Ob bei der Beantwortung der Frage, welcher Standard heranzuziehen ist, dem Rechtsgedanken des Art. 170 EGBGB, wonach ein Schuldverhältnis nach seinen Voraussetzungen, seinem Inhalt und seinen Wirkungen dem Recht untersteht, das zum Zeitpunkt seiner Entstehung gilt (vgl. dazu BayObLG, NZG 2006, 156, 157), eine wesentliche Rolle zukommt, mag bezweifelt werden, weil – wie bereits dargelegt – es sich bei den Bewertungsstandards um keine Rechtsnormen handelt. Maßgeblich ist vielmehr eine jeweils im Einzelfall vorzunehmende Abwägung zwischen einem etwaigen Erkenntnisgewinn durch die Heranziehung des jeweils aktuellen Standards und dem Aspekt der Beendigung eines Spruchverfahrens innerhalb einer angemessenen Frist. Insoweit sind die Gerichte schon aufgrund des Gebotes der Gewährung effektiven Rechtsschutzes gehalten, ein Spruchverfahren handhabbar zu halten und es in einer für die Parteien vertretbaren Frist einer Entscheidung zuzuführen. Dieses Ziel wäre kaum zu erreichen, sofern es allein aufgrund eines geänderten IDW-Standards zu einer umfassenden Neubegutachtung kommen müsste (vgl. OLG Stuttgart, NZG 2007, 112, 116; BayObLG, NZG 2006, 156, 157; einschränkend Bungert, WPg 2008, 811, 816). Die Bedeutsamkeit dieses Aspektes tritt im vorliegenden Verfahren besonders deutlich zutage, als es mittlerweile zu der Einführung eines weiteren Bewertungsstandards, nämlich des Standards IDW S1 2008 gekommen ist, dessen umfassende Berücksichtigung gegebenenfalls eine zusätzliche Neubewertung erforderlich gemacht und damit eine erneute Verzögerung nach sich gezogen hätte. Aufgrund der zu beobachtenden geringer werdenden zeitlichen Abfolge, mit der neue Bewertungsstandards herausgegeben werden, erscheint es in vielen Fällen ausgeschlossen, die jeweils neuesten Erkenntnisse in einem laufenden Spruchverfahren umzusetzen. Während die Gültigkeitsdauer des ersten Standards HFA 2/1983 noch 17 Jahre betrug, wurde der sodann eingeführte Standard IDW S1 2000 bereits nach 5 Jahren geändert. Die bislang letzte Neufassung erfolgte schon 3 Jahre später mit dem derzeit gültigen Standard IDW S1 2008 (vgl. Großfeld, Das Recht der Unternehmensbewertung, 5. Aufl., 141).

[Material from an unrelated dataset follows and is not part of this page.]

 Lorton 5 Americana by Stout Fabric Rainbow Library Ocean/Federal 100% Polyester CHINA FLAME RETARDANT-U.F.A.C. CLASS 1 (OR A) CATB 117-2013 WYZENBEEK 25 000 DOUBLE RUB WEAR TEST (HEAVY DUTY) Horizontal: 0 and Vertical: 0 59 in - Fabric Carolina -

Die sich hieraus ergebende abnehmende „Halbwertzeit“ rückt verstärkt die Erkenntnis in den Vordergrund, dass es sich bei den Standards zwar um zum jeweiligen Zeitpunkt in den Fachkreisen weitgehend anerkannte Bewertungsgrundsätze handelt, diese aber keinesfalls Ausdruck abschließender, unumstößlicher Erkenntnisse sind. Zugleich gewinnt hierdurch das Erfordernis der Prozesswirtschaftlichkeit zunehmend an Bedeutung, weil etwaige Neubewertungen anhand eines geänderten Standards Gefahr laufen, erneut revidiert werden zu müssen, weil es im Laufe des Verfahrens nochmals zu einer Modifikation der Bewertungskonvention gekommen ist. So führt die erforderliche Abwägung zwischen dem Ziel einer jeweils an den neuesten Erkenntnissen ausgerichteten Schätzung des Unternehmenswertes und dem Gebot der Prozesswirtschaftlichkeit zunehmend zu einem Vorrang des zweit genannten Aspektes. Dies gilt auch für den vorliegenden Fall, weswegen es bei der Zugrundelegung der zum maßgeblichen Zeitpunkt der gesellschaftsrechtlichen Maßnahme gültigen Bewertungskonvention, hier dem Standard S1 2000 verbleibt.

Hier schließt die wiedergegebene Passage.